Exercise description:
Return the stretch from the line with "Live Show: Eurotripp's" through the line with "Puella Magi Homura" in the data below, character for character, skipping all pictures.

Available data:
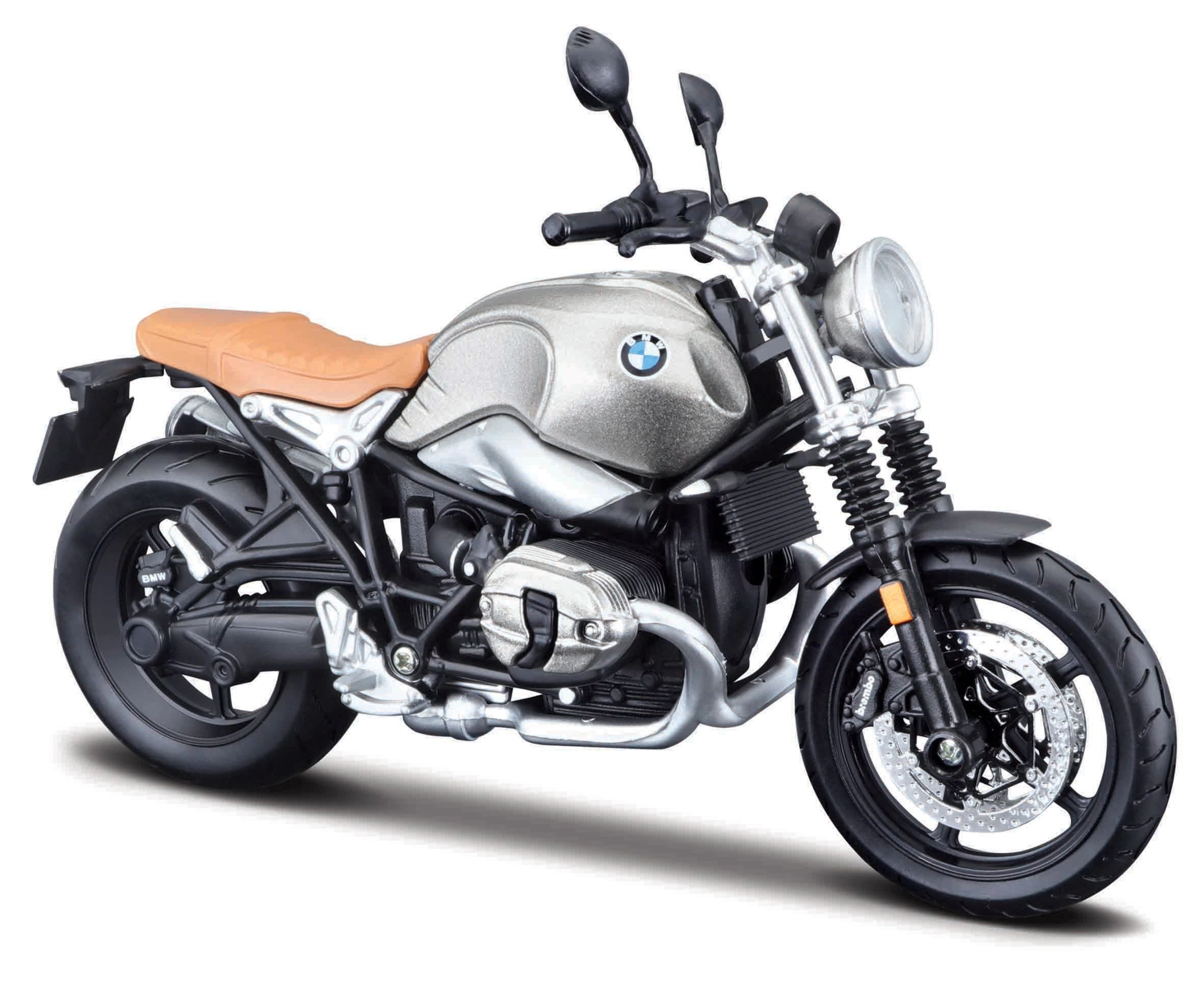 Maisto - BMW R nine T Scrambler, 1:12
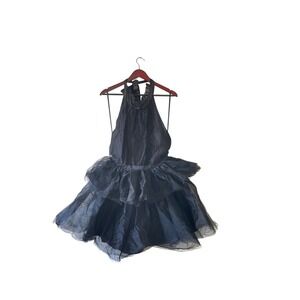Hutch | Dresses | Nwt Hutch Tulle Halter Mini Dress From Anthropologie |  Poshmark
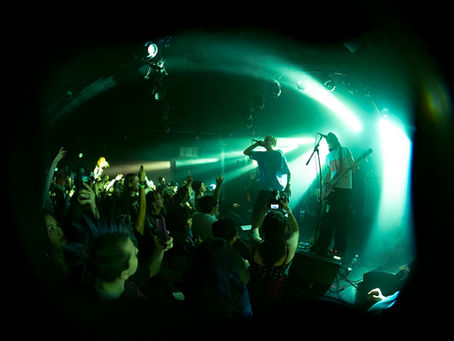 Live Show: Eurotripp's debut album release party at The Moroccan Lounge.
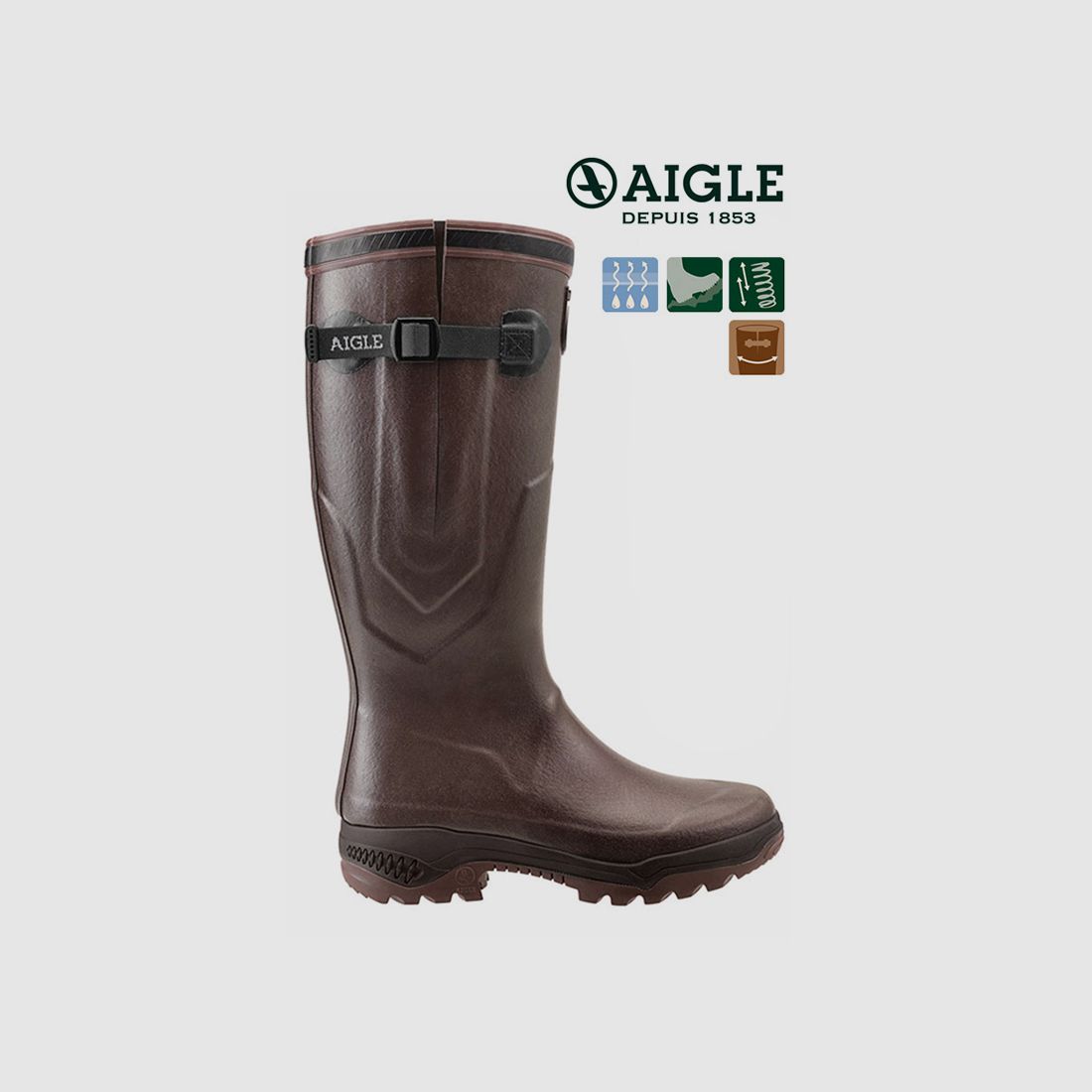 Gummistiefel Aigle Parcours 2 Vario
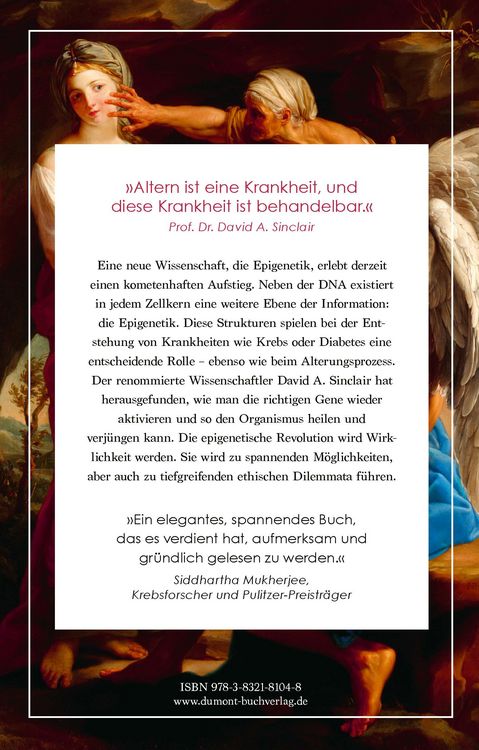 Produktbild: Das Ende des Alterns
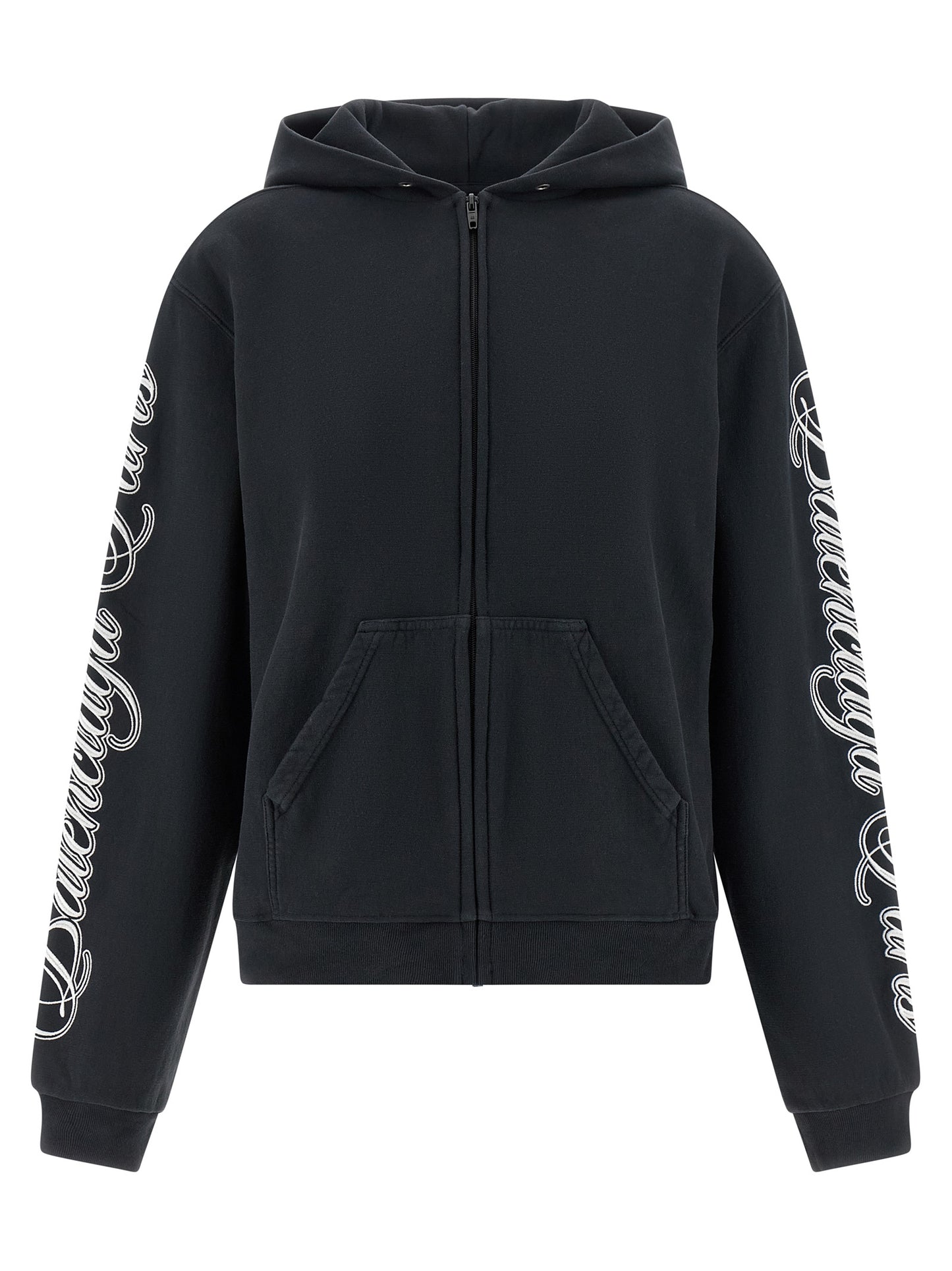 Balenciaga Women 'Cursive' Hoodie BALENCIAGA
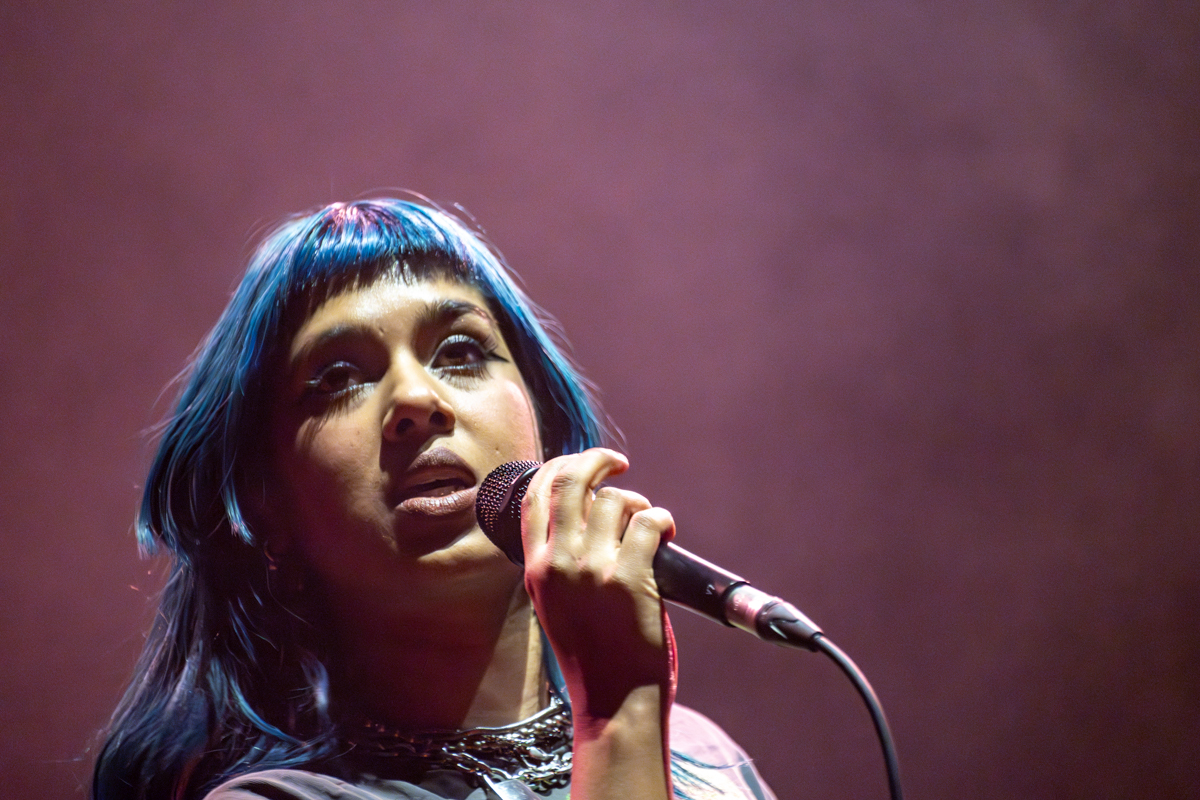Ecca Vandal @ Sportpaleis, foto 10, foto's door Bart Janssens - FrontView Magazine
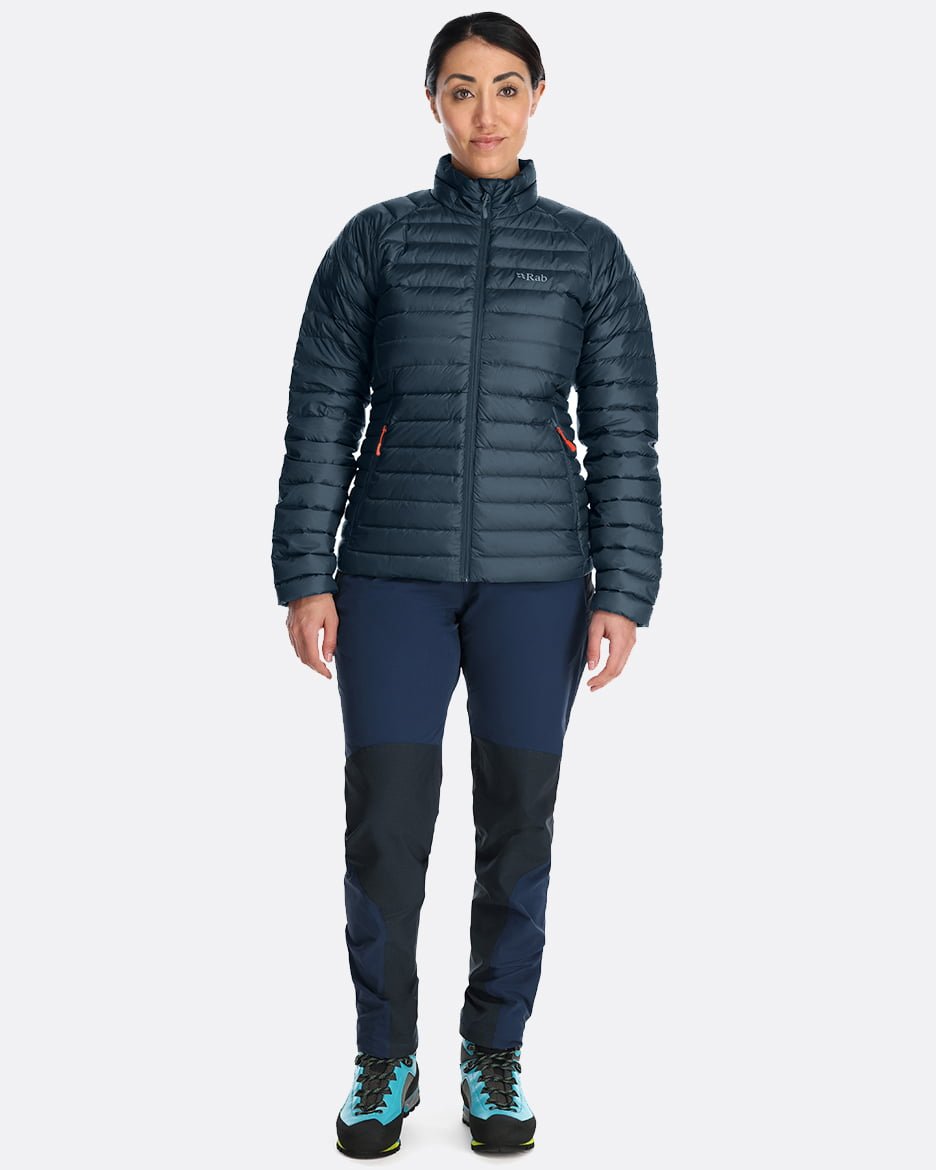 Rab Microlight Jacket W'S - Plumón de 700 FP y Pertex Quantum - Chaquetas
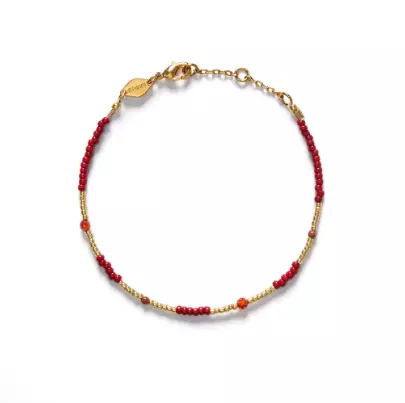 Anni Lu, Clemence Bracelet Crushed Cherry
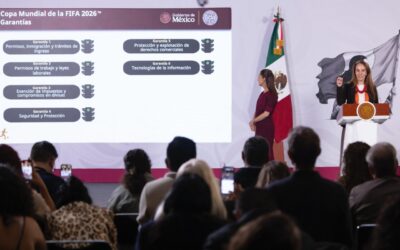 Estamos listos para el Mundial, afirma el gobierno tras cumplir requisitos de la FIFA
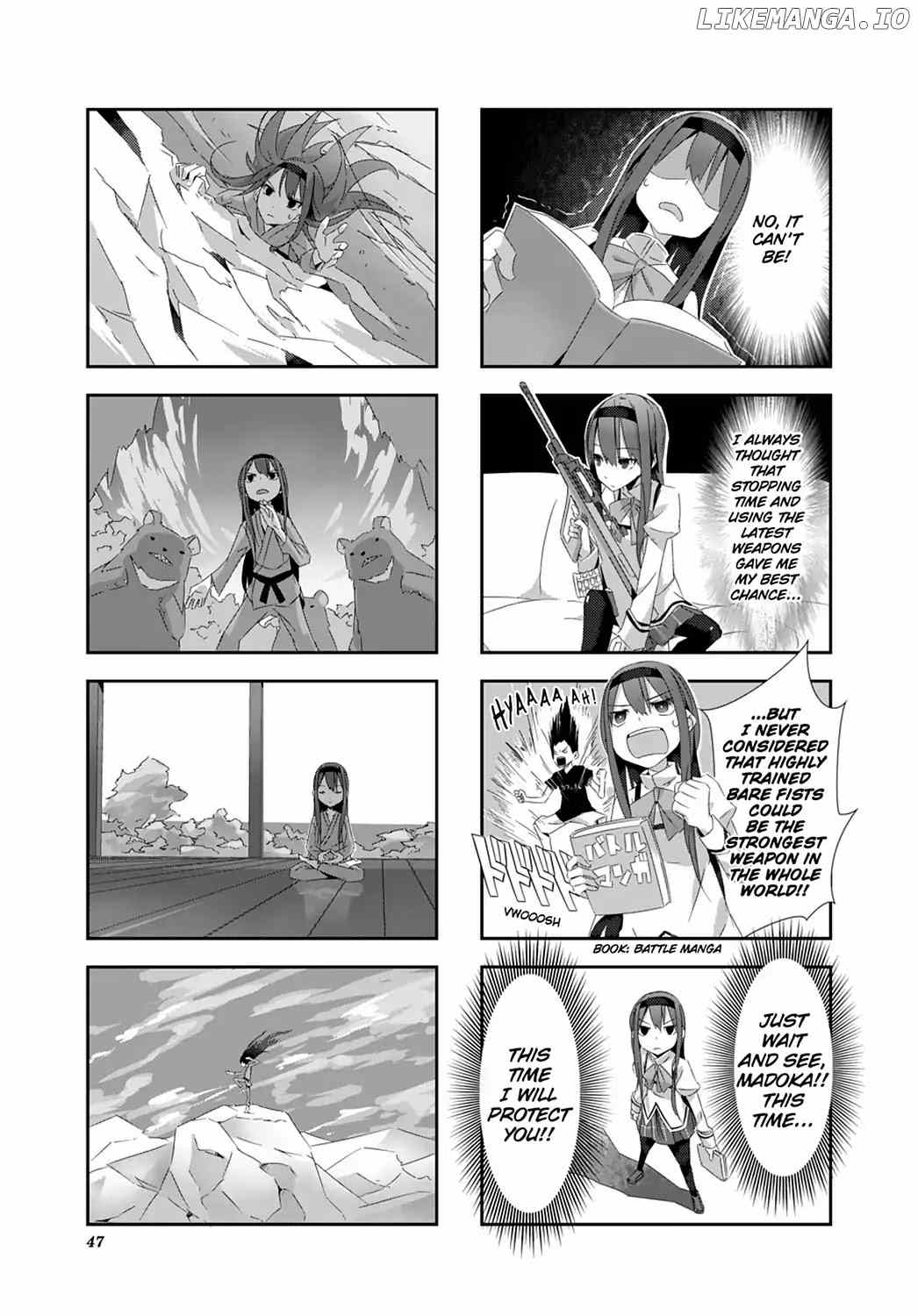 Puella Magi Homura Tamura ~Parallel Worlds Do Not Remain Parallel Forever~ chapter 4 - page 7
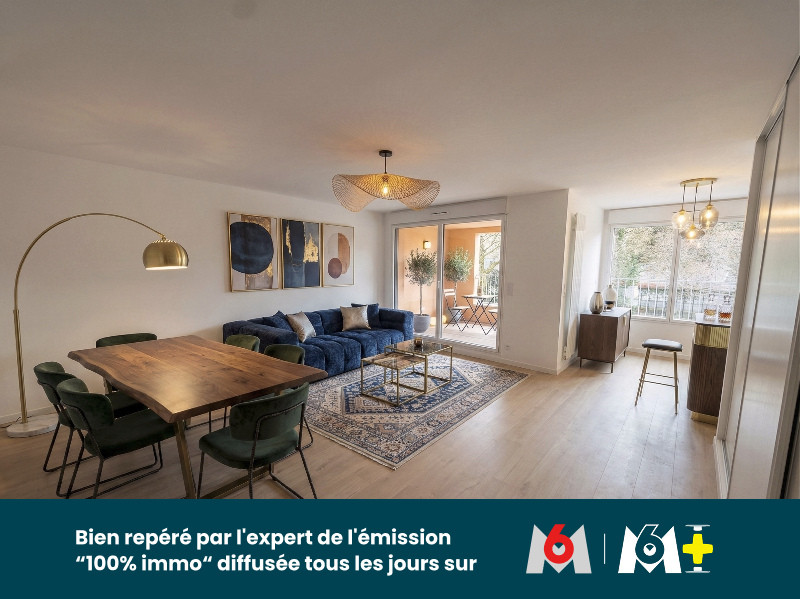 
                                                Vente
                                                 Appartement T3 neuf disponible immédiatement – 75 m² avec balcon et parking - Rennes Bords du canal d'Ille-et-Rance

Output of the task:
 Live Show: Eurotripp's debut album release party at The Moroccan Lounge.
 Gummistiefel Aigle Parcours 2 Vario
 Produktbild: Das Ende des Alterns
 Balenciaga Women 'Cursive' Hoodie BALENCIAGA
Ecca Vandal @ Sportpaleis, foto 10, foto's door Bart Janssens - FrontView Magazine
 Rab Microlight Jacket W'S - Plumón de 700 FP y Pertex Quantum - Chaquetas
 Anni Lu, Clemence Bracelet Crushed Cherry
 Estamos listos para el Mundial, afirma el gobierno tras cumplir requisitos de la FIFA
 Puella Magi Homura Tamura ~Parallel Worlds Do Not Remain Parallel Forever~ chapter 4 - page 7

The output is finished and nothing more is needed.